Today, we have made the following decision: The Festival de Cannes cannot be held on the scheduled dates, from May 12 to 23. Several options are considered in order to preserve its running, the main one being a simple postponement, in Cannes, until the end of June-beginning of July, 2020.
As soon as the development of the French and international health situation will allow us to assess the real possibility, we will make our decision known, in accordance with our ongoing consultation with the French Government and Cannes’ City Hall as well as with the Festival’s Board Members, Film industry professionals and all the partners of the event.
Until now, Cannes has tried to maintain a business-as-usual approach and was considering movies for selection. But in recent weeks events in France such as Series Mania and MipTV have canceled and the shifting of the world’s biggest film festival felt inevitable as the gravity of the pandemic becomes starker by the day. France is currently in lockdown and has recorded thousands of cases of the coronavirus.
Cannes is coming off a banner year having hosted movies including eventual Oscar Best Picture winner “Parasite,” and eventual Oscar-nominated films “Once Upon a Time in Hollywood,” “Pain and Glory” and “Les Miserables.” The confab remains one of the most lucrative, well-attended and buzzy platforms for launching movies.

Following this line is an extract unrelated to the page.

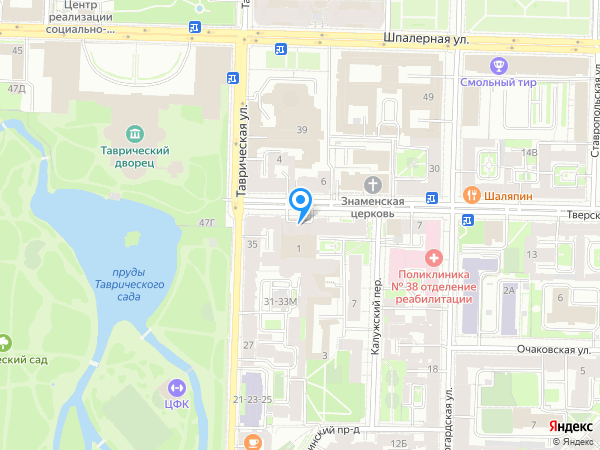 ДВ кафе на карте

The festival hasn’t had to cancel an edition since socio-economic protests hampered the 1968 festival and that was only halfway through the event. In 2003, SARS resulted in lighter attendance from Asia, but it has been 70 years since a Cannes Film Festival didn’t happen at all.
It remains to be seen whether Cannes or anyone else will run a virtual market in May, as has been discussed and announced in recent days. Our understanding is that Cannes is highly unlikely to do so and would hold back its market to run alongside its festival.
A potential early July date for Cannes would move it closer to Venice and Toronto, which could create interesting tensions and possibilities.